Hey @Kwang_il_Yoo ! Just wanted to pull you into this thread. Lots of overlap between your current line of research and Sen’s publication! Have you gave it a read?
Hey @xueming_Chen ! Wanted to flag this publication for you. Might be helpful in your current line of research. Can you share with Sen on what you’re currently working on?
Hi Niki @Niki_Kaz Thanks for pointing to those interesting studies. I’ll look into details. For 2021, we haven’t extended the analysis since the age-based vaccination roll-out puts into more complexity and our model does not have age structures. The new variants with possible breakthrough or re-infection also add on the difficulty.
In our following studies, we will also use SafeGraph data and we are truly grateful that SG made it easy to get access to data. We will share more studies in the community in the future.
My first response is that this is an incredible paper; you’ve done so much work here to create a fine-grained model of COVID-19 infections in the United States during 2020. I can very much see how this got published in Nature. A few comments/questions:
I believe you use confirmed COVID-19 deaths to calculate both the CFR and IFR. Did you consider using excess deaths rather than confirmed COVID-19 cases? This seems like it might be useful particularly early in the pandemic, during the first wave, many people died who were never confirmed cases. I recognize that this might cause more issues than it solves later in the pandemic, when excess deaths are more likely capturing people who did not seek medical care for issues other than COVID-19, so there might be some other solution (perhaps using medical record data to capture all pneumonia deaths, for instance – I know the COVID-19 Research Database has ICD-10 codes.)
In extended data figure 4, you show models with 25% and 50% movement between counties. Did you validate what percentage of individuals move between counties in the SafeGraph data to determine which was a better approximation of reality? I wasn’t quite sure since extended data fig. 4 doesn’t seem to be referenced in the text. Did R_t vary with reported mobility?
How was the waning of antibodies determined? It wasn’t clear to me where the 17.5% and 15% numbers came from. Furthermore, did this an 15% of the population lost antibodies each month, or 15% of those with antibodies lost them each month?
The last fifteen days of data would include the beginning of the vaccine rollout; did you exclude this in your seroprevalence validation, or was there not enough sampling of the vaccinated within that two week window for it to be a problem?

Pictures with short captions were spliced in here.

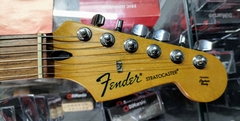 2010 Fender Standard Stratocaster Wine Red Mexico na internet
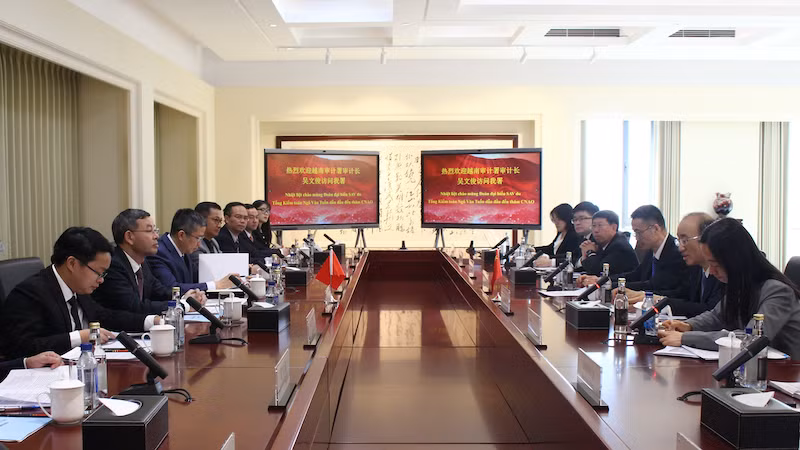 Общий вид переговоров.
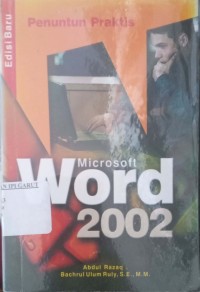 Image of Microsoft Word 2002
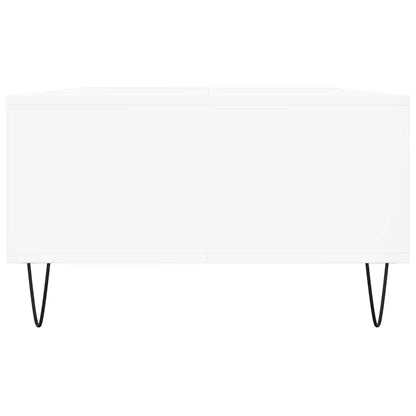 vidaXL Coffee Table White 104x60x35 cm Engineered Wood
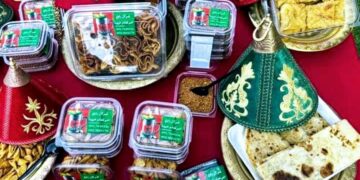 افتتاح معرض “نفحات رمضان” بمنتزه نجوم قرقارش في ليبيا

Hi Lauren, thanks for your kind words. Those are all good questions (and apologize for my delay).
We haven’t considered excess death, so the estimated IFR may be biased low. CFR quantifies the mortality rate among confirmed cases, so it is less impacted by unidentified death outside the surveillance system.
We are assuming 25% or 50% of INFECTED individuals can move across counties as a sensitivity analysis on the model structure. Since we don’t know the infection status of safegraph users, we were not able to validate this assumption. But the results seem robust to this assumption.

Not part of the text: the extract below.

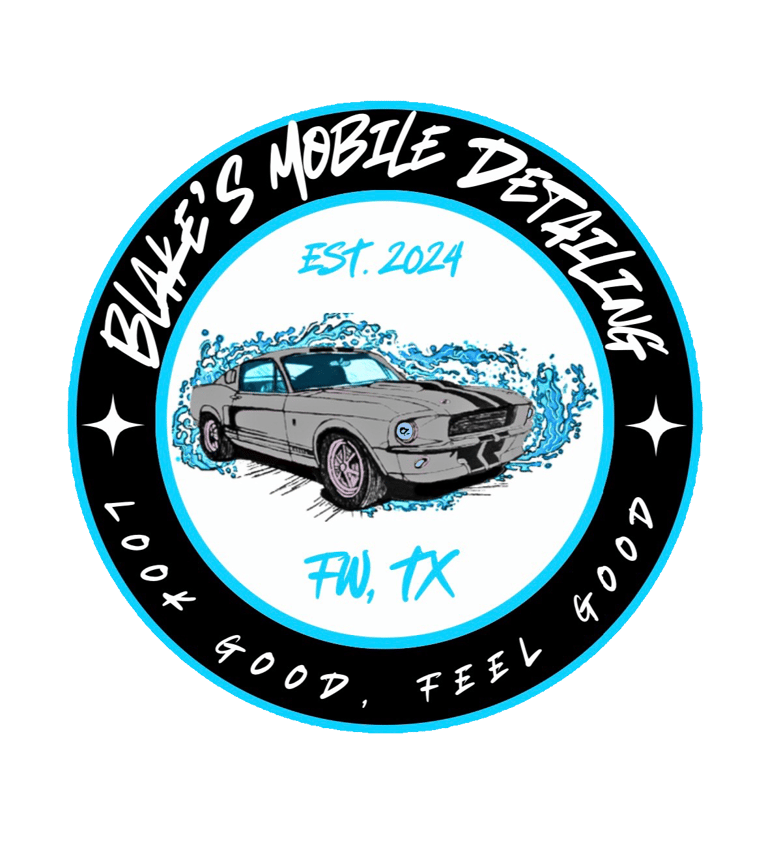 Blake's Mobile Detailing logo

We used a previously published method to estimate antibody waning rate (https://www.science.org/doi/10.1126/science.abe9728). We adapted this method to seroprevalence data in NYC. Since NYC experienced early large outbreaks, the effect of waning is more significant and detectable. The estimated monthly waning rate is about 10%, which means, about 10% infected population with antibody will not be detected after one month (but they still have immunity from other components of immune system.) For other locations, we find antibody waning rate that is closest to 10% and can explain observed seroprevalence data. In some locations, sampling bias may lead to much faster waning rate, which we believe is not realistic. In those case, we set a maximum waning rate as a cut-off to eliminate highly biased data. The 15% and 17.5% are those cutoffs we tested (also as a sensitivity analysis).
The number of vaccinated people during 2020 is limited. We therefore did not consider vaccination in the model.